At the opposite end of Fortnite there is the metaverse imagined by Mark Zuckerberg and presented during the Connect conference. A metaverse whose main purpose is to replicate our daily lives: playing sports, spending evenings at home with friends, holding business meetings. All this, however, within a virtual reality world that we can experience through Oculus visors (owned by Facebook/Meta).
Zuckerberg’s metaverse is still a long way from becoming reality. In fact, he has spoken of at least five to ten years before his vision can be fully realised. However, there is already software such as Horizon Workrooms, which represents a first incarnation of what Facebook’s digital world of the future will look like. Still in beta, Workrooms is a virtual reality workspace in which you can hold meetings with your colleagues.
According to Zuckerberg, this mode is capable of recreating an experience very similar to that of in-person meetings, thus overcoming the limitations of Zoom or Teams meetings. Workrooms also allows us to transfer our physical computer, share the screen with everyone, use a shared digital whiteboard and more. However, the question remains: is it not easier to go to the office and have a regular face-to-face meeting?

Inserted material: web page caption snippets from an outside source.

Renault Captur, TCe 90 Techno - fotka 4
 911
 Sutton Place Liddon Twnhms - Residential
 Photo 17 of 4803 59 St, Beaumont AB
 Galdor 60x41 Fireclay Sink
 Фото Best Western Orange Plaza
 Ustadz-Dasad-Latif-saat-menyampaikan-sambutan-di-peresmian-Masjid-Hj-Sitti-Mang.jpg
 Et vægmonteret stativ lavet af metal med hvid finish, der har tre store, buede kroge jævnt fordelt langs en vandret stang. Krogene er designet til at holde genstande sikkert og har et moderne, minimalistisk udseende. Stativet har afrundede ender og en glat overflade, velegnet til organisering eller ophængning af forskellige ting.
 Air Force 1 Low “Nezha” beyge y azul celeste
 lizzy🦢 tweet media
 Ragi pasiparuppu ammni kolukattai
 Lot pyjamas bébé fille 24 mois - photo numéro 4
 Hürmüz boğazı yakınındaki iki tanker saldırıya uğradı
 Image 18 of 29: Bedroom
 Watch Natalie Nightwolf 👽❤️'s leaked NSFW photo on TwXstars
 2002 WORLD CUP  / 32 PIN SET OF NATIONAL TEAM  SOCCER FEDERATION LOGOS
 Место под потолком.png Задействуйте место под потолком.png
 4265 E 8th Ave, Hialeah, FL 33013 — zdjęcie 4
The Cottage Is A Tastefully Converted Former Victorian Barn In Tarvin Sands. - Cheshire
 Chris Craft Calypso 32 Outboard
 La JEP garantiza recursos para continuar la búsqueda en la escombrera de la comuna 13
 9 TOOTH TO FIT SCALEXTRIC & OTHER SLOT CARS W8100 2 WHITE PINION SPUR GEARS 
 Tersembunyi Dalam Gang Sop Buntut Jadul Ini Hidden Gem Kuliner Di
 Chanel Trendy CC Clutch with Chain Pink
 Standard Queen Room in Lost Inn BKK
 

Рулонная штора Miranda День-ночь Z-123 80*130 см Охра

The AltSpaceVR platform, owned by Microsoft, is perhaps the most resembling virtual reality version of Second Life: a social space in which users can create settings to meet up with friends and spend an evening around the (digital) fire, organise conferences, participate in games, karaoke or other live events. The graphical interface is very simple and interactions are all in all elementary, but this makes it easy to understand how to move around and communicate in the various environments.
It is likely that AltSpaceVR was an inspiration for Mark Zuckerberg: here too, the aim is not to create Fortnite-like crazy adventures, but to reproduce in virtual reality some of the experiences of everyday life. AltSpaceVR has also been useful to Microsoft (that bought it in 2017) in developing its professional platform Mesh, which is the first reply to Facebook/Meta’s Horizon Workrooms and is setting the stage for Microsoft’s metaverse. In his vision of a metaverse for workaholics, Mark Zuckerberg already has a rival.
If you want to get an idea of what the fulfilled metaverse might look like tomorrow, your best bet is probably to see Ready Player One, Steven Spielberg’s 2018 film (based on Ernest Cline’s 2011 novel). In an unlivable world because of extreme social inequalities, climate catastrophe, overpopulation and resource depletion, the only way out left to the poorest part of the population is to take refuge in the virtual world known as Oasis.
This is where – after putting on a visor and a pair of haptic gloves – you can experience extraordinary adventures in virtual reality: drag racing, flying discos, incredible role-playing games and much more. The vision that science fiction has bequeathed us of the metaverse seems much more as Fortnite than Horizon Workrooms: designed more to make us escape from the real world than to create a virtual simulation of it. Hoping, of course, that this escape is dictated only by the desire to live some extraordinary experience and not, as happens in the novel and the film, by the need to escape from a collapsing planet.